The second additional point worth mentioning concerns the case of reckless murder. The crime requires knowledge that it is probable that death or grievous bodily harm will result from the act. The requisite state of mind is predicated upon an objective fact - a probability. The existence of this probability - the danger, as it may presently be called - seems to have been not discussed but rather assumed at the trial. Counsel for the applicant addressed on the basis that the question was whether his client had been shown to have knowledge of the (implicitly admitted) danger. There is no reason for doubting the correctness of the tacit concession. If one assumes that the weight of the loaded chamber does not affect the probable outcome, and that the cylinder is spun each time the trigger is pulled, the playing of Russian roulette with a six-shot revolver is like throwing a die in the hope of not getting a six. The applicant told the police that the firearm discharged on the fourth occasion and that he and the deceased had agreed that they would fire no more than two shots each. The probability of getting a six in four throws of a die is 671/1296: Eggleston, Evidence, Proof and Probability, 2nd ed., p.,16. But the case is not to be approached as Pascal would have approached it. Juries are not to be directed in terms of an "odds on" chance: La Fontaine v. R. (1976) 136 C.L.R. 62 at 99 per Jacobs, J.; Boughey v. R. (1986) 161 C.L.R. 10 at 15 per Gibbs, C.J. and at 19-22 per Mason, Wilson and Deane, JJ.; R. v. Piri [1987] 1 N.Z.L.R. 66. The approach of the law has been pragmatic in matters of this kind. It has regarded as "dangerous" for present purposes the pulling of a trigger even though the probability of the discharge of the firearm was mathematically quite low. As long ago as 1839 it was accepted by the distinguished English Royal Commissioners inquiring into the criminal law (Holdsworth, History of English Law, vol.15, p.143) that it would be murder if, knowing that one only of two (or three or four) pistols set before him was loaded, but not knowing which one, the accused, for the pleasure of it, picked up one pistol, put it to another person's head and pulled the trigger with fatal results. It is for this and another reason worth quoting at length from the Commissioners' fourth report, contained in (1839) 19 Parliamentary Papers, pp.23-25:
"We proceed to offer some observations and illustrations, with a view to show that in the ordinary case where death is occasioned by the doing an act attended with manifest peril to life, the conclusion is properly not one of law but of fact, and that it is for the jury to decide whether the offender wilfully exposed life to manifest peril. Upon their affirming or negativing this proposition, the question whether he be guilty or not of murder, ought, we think, to depend.

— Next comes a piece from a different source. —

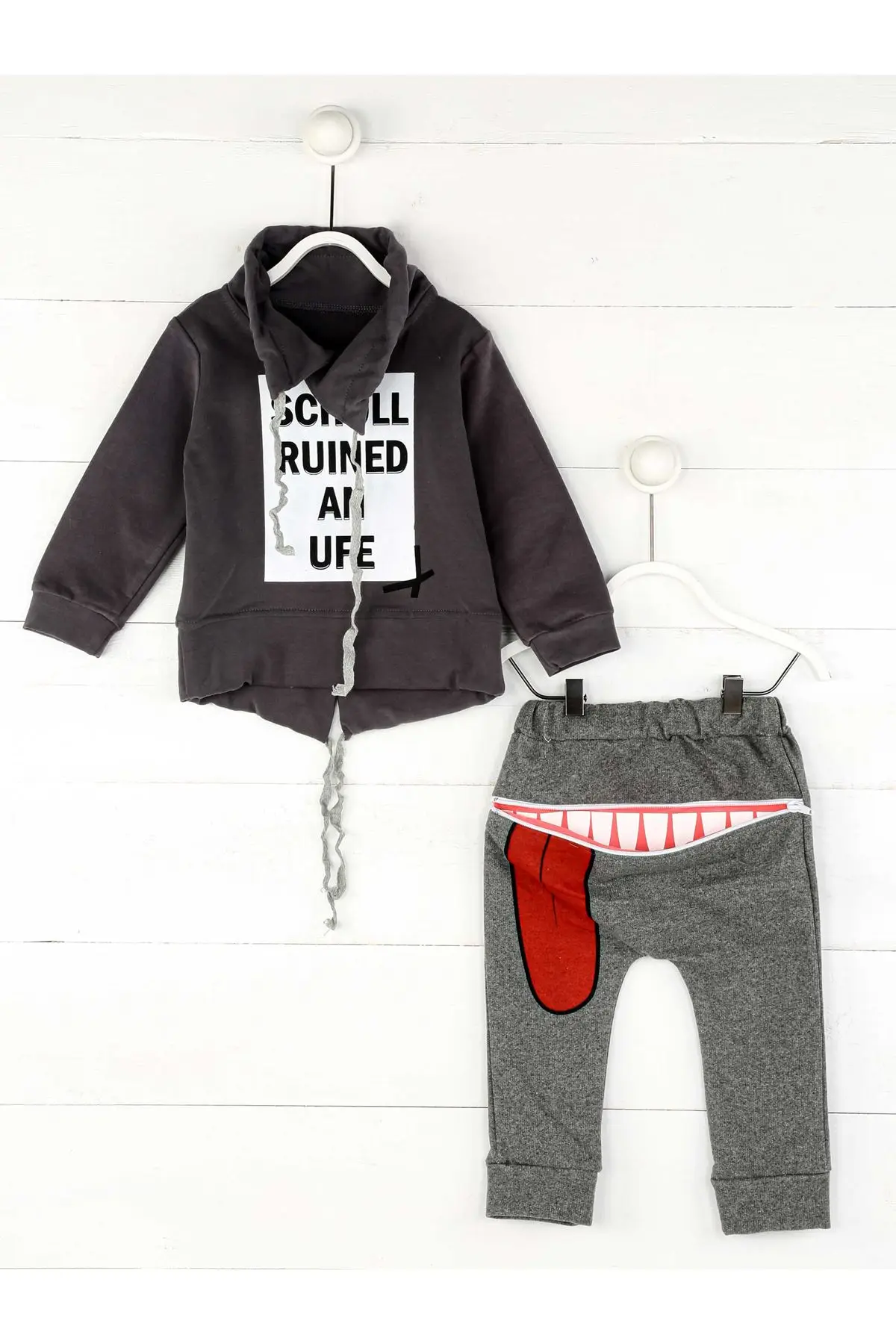 

Smoked Gray Seasonal Male Child 2 li Suit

The 'mens mala', - the heart regardless of social duty, - are figurative expressions used to denote the criminal apathy or indifference with which an act is wilfully done which puts human life in peril. Whether such a peril be wilfully occasioned is a question not of law but of fact, depending on a consideration of the nature of the act done, the circumstances under which it was done, the probability that the act under those circumstances would be fatal to life, and the consciousness on the part of the offender that such peril would ensue.
If A, knowing that one of two pistols was loaded with ball, but without knowing which, took one, and applying the muzzle to the head of B, pulled the trigger and shot him, having by chance taken the loaded one, this would be murder; for A wilfully placed B's life in peril by his act. Here it was an even chance whether B was killed or not, - but it is evidence that the principle and the law founded upon it must be the same, even although the probability were less; as for instance, though the selection were made from three or four (one only being loaded) instead of two; although no doubt the degree of probability may be an important circumstance in ascertaining the fact of the intention of the offender to put in danger.
Neither the nature nor the degree of peril can possibly be the subject of legal definition; as well the knowledge of the offender that such peril exists, as the wilfulness of his act in proceeding notwithstanding that knowledge, are necessarily matters of fact, the existence of which is for the consideration of the jury. It may no doubt frequently appear, from the particular facts found by the jury, that the offender did wilfully expose human life to manifest peril, but still, as in numerous instances the court may be unable to draw the conclusion from the mere facts, it seems to be clear, as a general position, that the question is one of fact for the jury. In particular, it may be noticed that the fact of knowledge on the part of the accused, of the peril he was about to occasion by his act, must very frequently depend upon mere circumstantial evidence, upon the effect of which it is the province of a jury to decide.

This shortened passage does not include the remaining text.